I know, I know, everyone smells like roses, right? You’ve never smelled bad. Not you!... Yeah right. We’ve all smelt rather unflattering at one point or another, so let’s get off the high horse. But how many times have you found yourself standing next to someone and thought that your nose was going to run off your face because their odor was so torturous? This isn’t limited to bad odors either. Sometimes people overdue the ol’ “smell good sauce” which can have the opposite of its intended effect. In any situation, you wish someone would have told you (or you could tell the odorous offender), that the smell is just too much.

See also: Job Interview Etiquette – The Art of Smell Good

So before you get stuck in an elevator with someone who smells like they slept in the zoo overnight, check out my top 3 Quick and Dirty Tips for how to properly tell someone about their body odor.

Tip #1: You’re Wearing Too Much Cologne

As I said in my episode Job Interview Etiquette (What to Wear), one of the biggest turn offs in a job interview is when the interviewee overdoes the cologne or perfume. And this is not just an issue in office settings; it happens in everyday interactions as well. You see someone approach you, arms open for a hug, and as they get closer you sense a wave of pine fresh hit you in the face. After you embrace them, you end up smelling like a jug of Old Spice. 

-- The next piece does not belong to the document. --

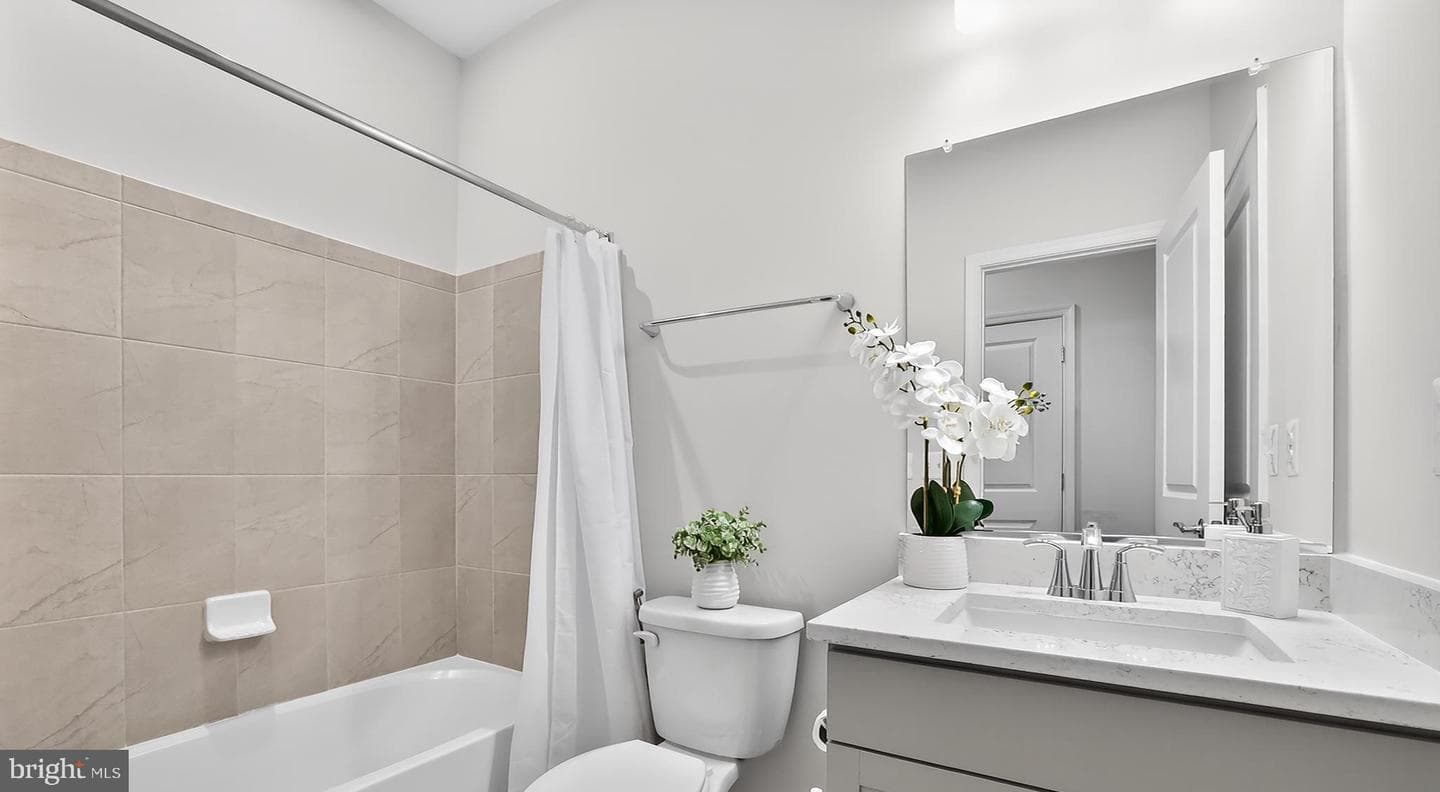 3419 Tidal Marsh Way photo 32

I have a family friend who has worn the same perfume for as long as I’ve known her and every time I see her, it makes me dry heave. It’s a popular perfume, so people must like it, but to me it smells like death! In fact, I’d take a rotting body over that smell.

This is a clear case of too much of a good thing (true for anything except pizza, birthday cake, or money). So how do you tell someone their good smell, is really not so good? Don’t worry, you can handle it.

As a person with lifelong allergies, I’ve missed out on many sweet smelling things come allergy season. And sometimes if I’m putting on cologne, I may not think it smells strong enough. So in this aspect, I can sympathize with the odorific person. So if you encounter a person who seems to have bathed in a tub of cologne or perfume, try to deflect the situation onto yourself. For example, say “I’m sorry but what type of perfume are you wearing?...Oh, that kind, yeah, I’m allergic to most perfumes which makes me really sensitive to scents. Does it smell strong to you?” 

Bear with me – you’re still easing into the subject. You’ve stated that they “may have” put too much scent on. You have couched your opinion in a purely medical reason (your allergies), so it’s not a judgment call. Now their brain is saying, “Maybe I did overdo it?” And since you know this is going on inside their mind, you should follow up with, “It’s funny, but because of my allergies I can only use a little cologne. Two quick sprays and that’s it. Sometimes even that makes me sneeze! Ha, ha!”

Here you are bringing up the issue, but being sympathetic – even putting the blame on yourself. You are also planting a seed in their mind that maybe they should rethink (or at least double check) how much they put on in the future.